• WHAT TO PRODUCE: Copy out again, unchanged, the listing below from the line that has "Engraving Galli - Villa mistero" through the line that has "Фото: ньюфаундленд Talula".

(Beginning of EXTRACTED ENTRIES)

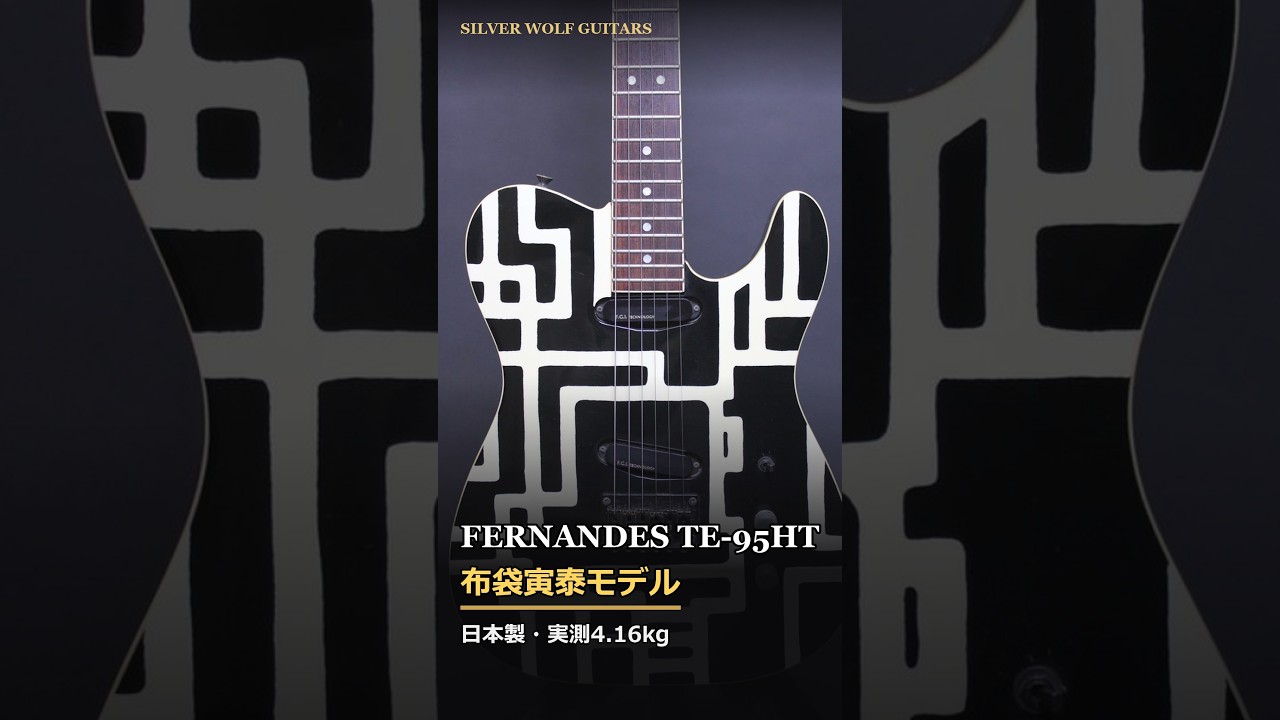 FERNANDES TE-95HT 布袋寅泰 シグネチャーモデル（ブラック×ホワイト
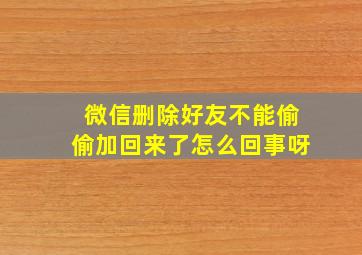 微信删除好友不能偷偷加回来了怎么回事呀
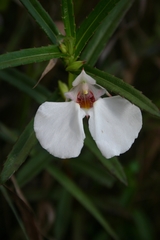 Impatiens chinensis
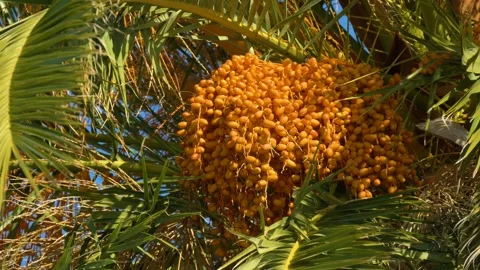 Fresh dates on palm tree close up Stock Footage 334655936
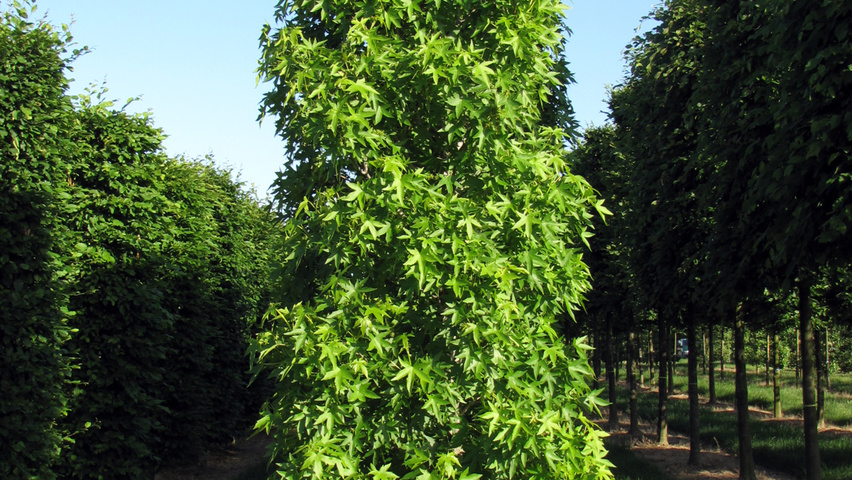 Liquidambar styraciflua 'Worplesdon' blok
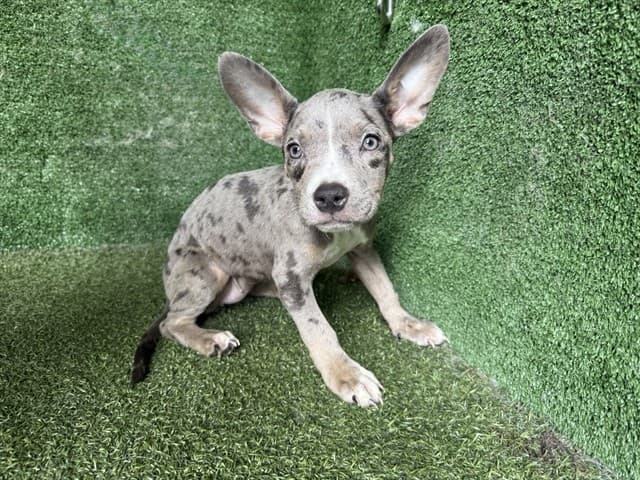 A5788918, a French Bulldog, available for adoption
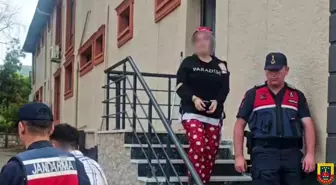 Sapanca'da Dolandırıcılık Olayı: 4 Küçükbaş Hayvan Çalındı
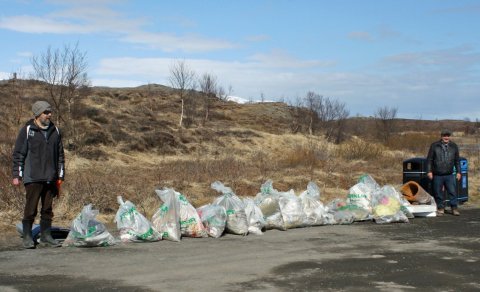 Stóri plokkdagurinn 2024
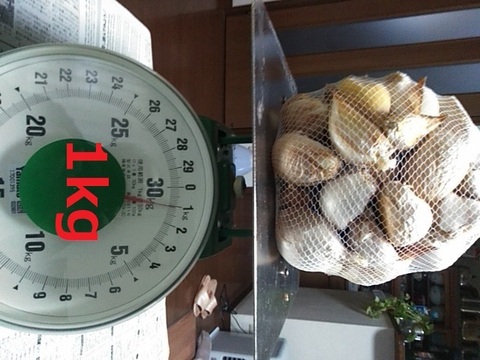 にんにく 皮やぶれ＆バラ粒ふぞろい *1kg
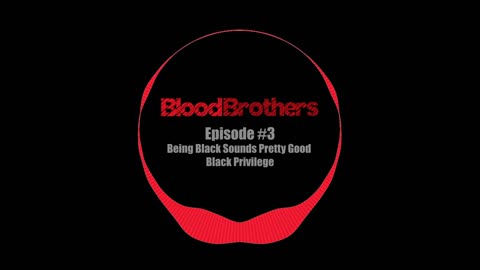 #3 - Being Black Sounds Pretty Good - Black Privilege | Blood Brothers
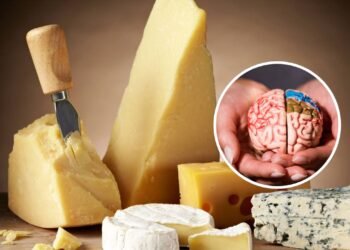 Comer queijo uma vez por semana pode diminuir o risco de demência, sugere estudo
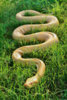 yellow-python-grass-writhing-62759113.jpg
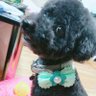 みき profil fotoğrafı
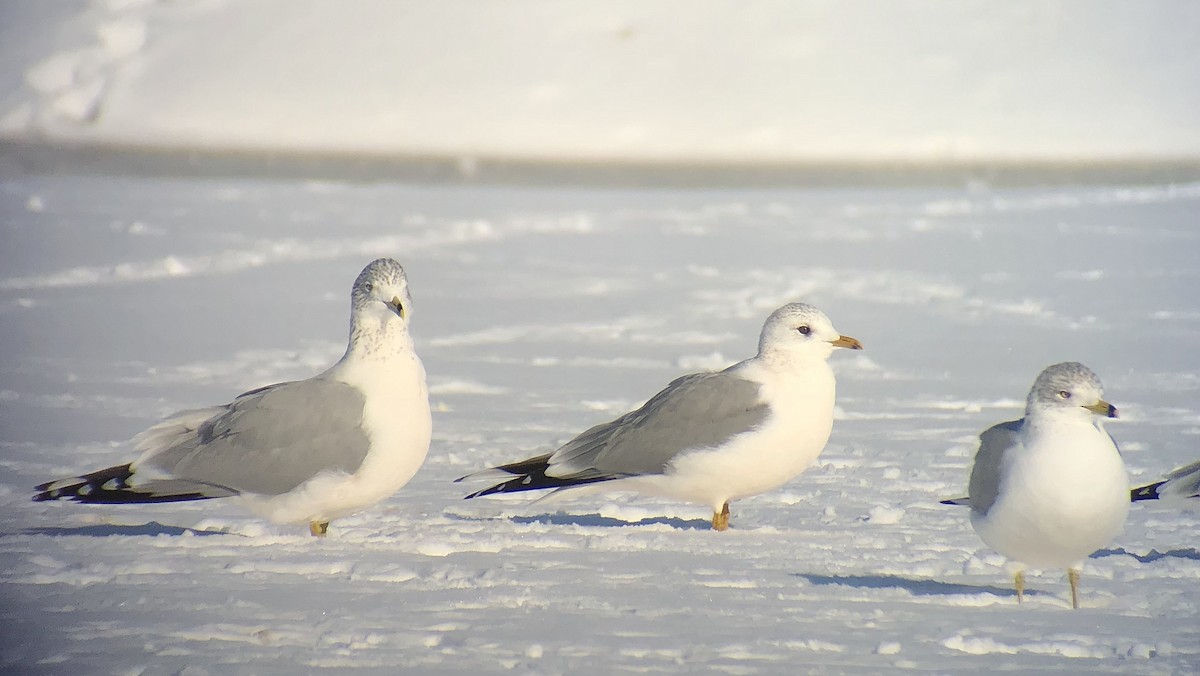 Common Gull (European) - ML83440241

(End of EXTRACTED ENTRIES)
(Beginning of EXTRACTED ENTRIES)

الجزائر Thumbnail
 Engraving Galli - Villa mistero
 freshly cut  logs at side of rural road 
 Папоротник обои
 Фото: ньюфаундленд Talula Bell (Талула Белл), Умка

(End of EXTRACTED ENTRIES)

• EXERCISE ANSWER:
 Engraving Galli - Villa mistero
 freshly cut  logs at side of rural road 
 Папоротник обои
 Фото: ньюфаундленд Talula Bell (Талула Белл), Умка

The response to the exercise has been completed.